__GIVEN MATERIAL__.
»»

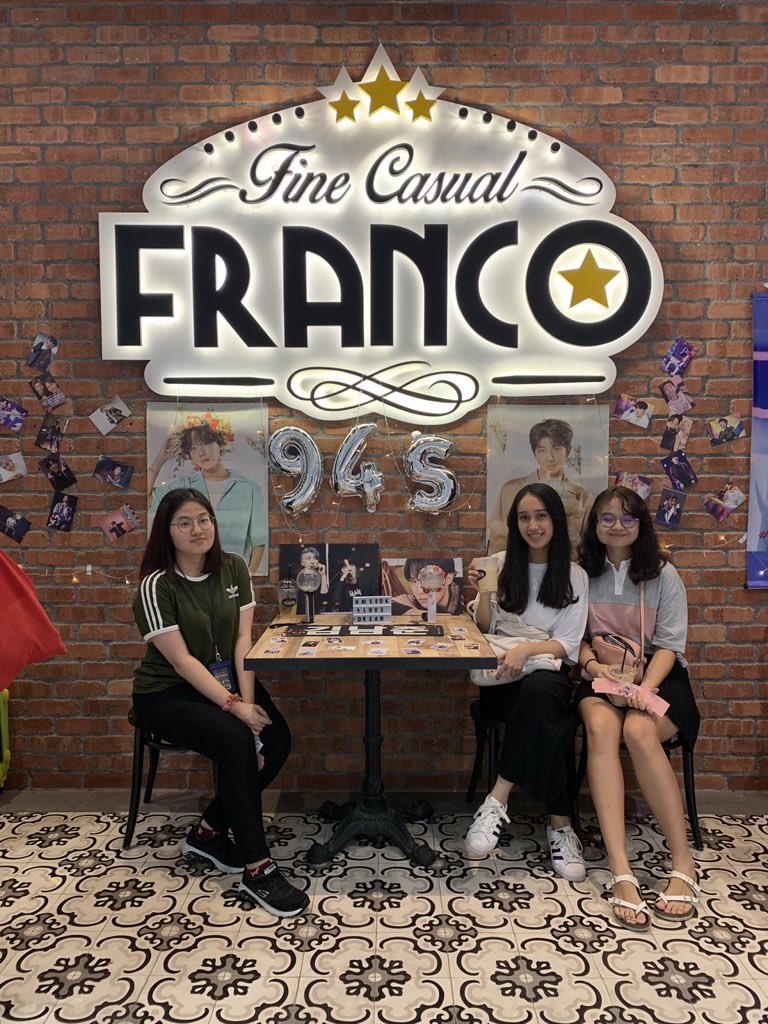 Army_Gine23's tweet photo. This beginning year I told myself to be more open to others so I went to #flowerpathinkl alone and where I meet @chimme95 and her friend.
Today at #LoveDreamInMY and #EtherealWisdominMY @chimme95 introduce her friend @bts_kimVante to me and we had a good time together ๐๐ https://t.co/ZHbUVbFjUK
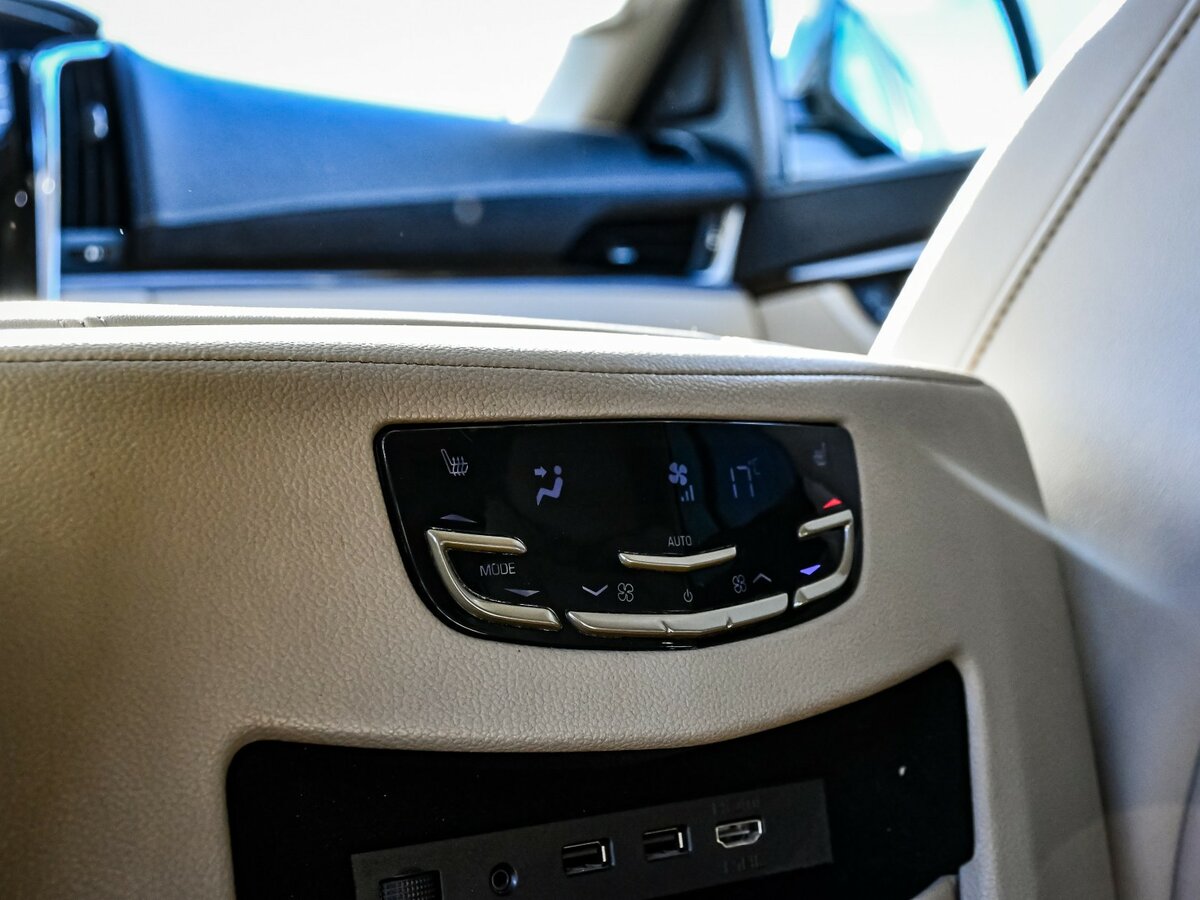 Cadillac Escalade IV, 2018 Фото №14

««

__TASK DESCRIPTION__.
An exact copy is needed of the lines running from the one with "Today at #LoveDreamInMY" through the end of the data above, and of those lines only, without pictures.

__PROBLEM SOLUTION__.
Today at #LoveDreamInMY and #EtherealWisdominMY @chimme95 introduce her friend @bts_kimVante to me and we had a good time together ๐๐ https://t.co/ZHbUVbFjUK
 Cadillac Escalade IV, 2018 Фото №14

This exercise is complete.